Upstart offers a way for smart college grads who want to start their own companies to get funding — typically up to $50,000 — along with an experienced mentor who supplies that funding. That can be enough cash to buy computers (or rent Amazon(s amzn) EC2 time), pay off some school debt, or rent an office. So what’s so bad about that?
It turns out that entrepreneur and college prof Daniel Abadi has a bone to pick with that model.
In a blog post, Abadi, who is a noted Hadoop expert, chief scientist at Hadapt, and an associate professor of computer science at Yale, says he was initially intriqued by Upstart but then saw some things that concerned him.
“A deeper look at the Upstart Website reveals a problematic clause that is attached with the funding of the student start-up ideas. This is not a traditional crowdfunding model where investors receive equity in the start-up in exchange for their investment dollars. Instead, the investors get a percentage of the student’s income for a 10-year period in exchange for the investment. This way, in the likely event that the student’s start-up idea does not work out, the investor is able to receive a nice return on investment by taking a cut from the student’s hard-earned salary when the student enters the workforce.”
The problem is that, many students have unrealistic expectations of success and given that the failure rate of startups is high — some say that 11 out of 12 fail — the entrepreneur still has to pay the Upstart mentor a portion of annual earnings — whatever their source — as agreed upon no matter what. Upstart itself gets 3 percent of the patron’s initial contribution. And, later should the startup succeed, Upstart collects a 1.5 percent service fee when the debt is repaid.
Mentorship over money
Upstart CEO and Google veteran David Girouard said the program is almost more about the mentorship than the money. “It’s possible (and actually likely ) that startups fail,” he said via email. “The idea of Upstart is you have backers that help you well beyond any particular startup or initiative — they are with you for at least the duration of your commitment.”

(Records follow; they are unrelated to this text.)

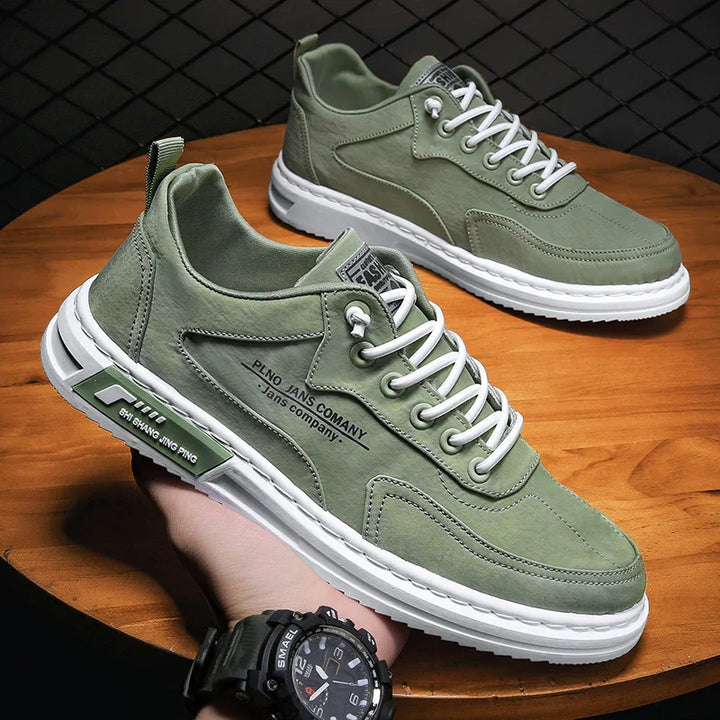 Green casual sneakers with white soles and laces on wooden surface, featuring branding and modern design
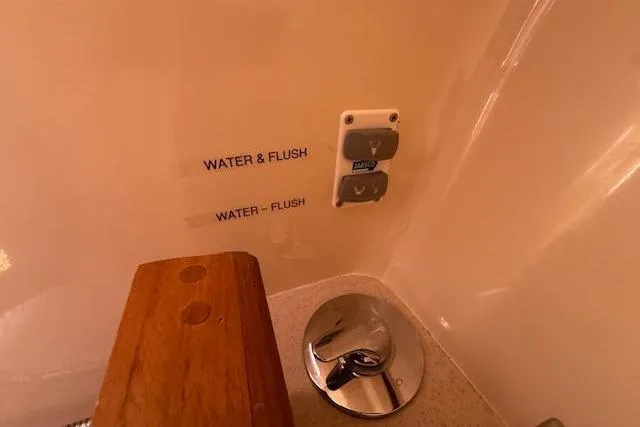  Yacht Photos Pics Control panel in a 2005 Hunter 38 yacht bathroom with water and flush buttons.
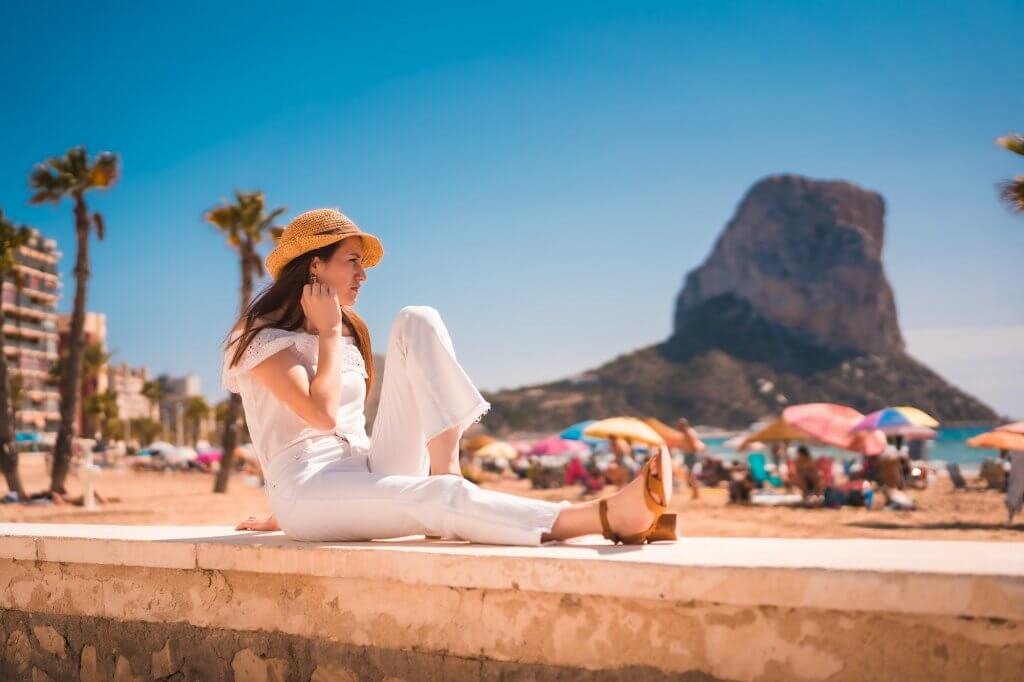 A Caucasian redhead dressed in white and with a straw hat on the beaches of Calpe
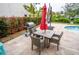 Patio furniture with umbrella near the pool at 5169 Oxford Dr, Sarasota, FL 34242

And, there are some protections in place. The deal is negotiated up front and the percentage taken from yearly income is capped at 7 percent. If the entrepreneur makes less than $30,000 in a given year, payment is waived and another year is added to the payout timeline, which is capped at 15 years.
Of course, naysayers contend that 7 percent is a pretty hefty take for young people who are also likely saddled with school debt.
Girouard said the program was specifically designed to facilitate investment in a person, rather than in a company. “We aren’t really a substitute for venture capital or angel investing — funds are typically used to retire debt or pay living expenses rather than corporate expenses,” he said via email.
Others in the tech world have other ideas about helping startups. The new Cambridge, Mass.-based hack-reduce program, for example, is a 501-3c charity that will give a select set of big data entrepreneurs a leg up without taking a piece of the action, according to co-founder Chris Lynch, who posted a comment to that effect on Abadi’s blog.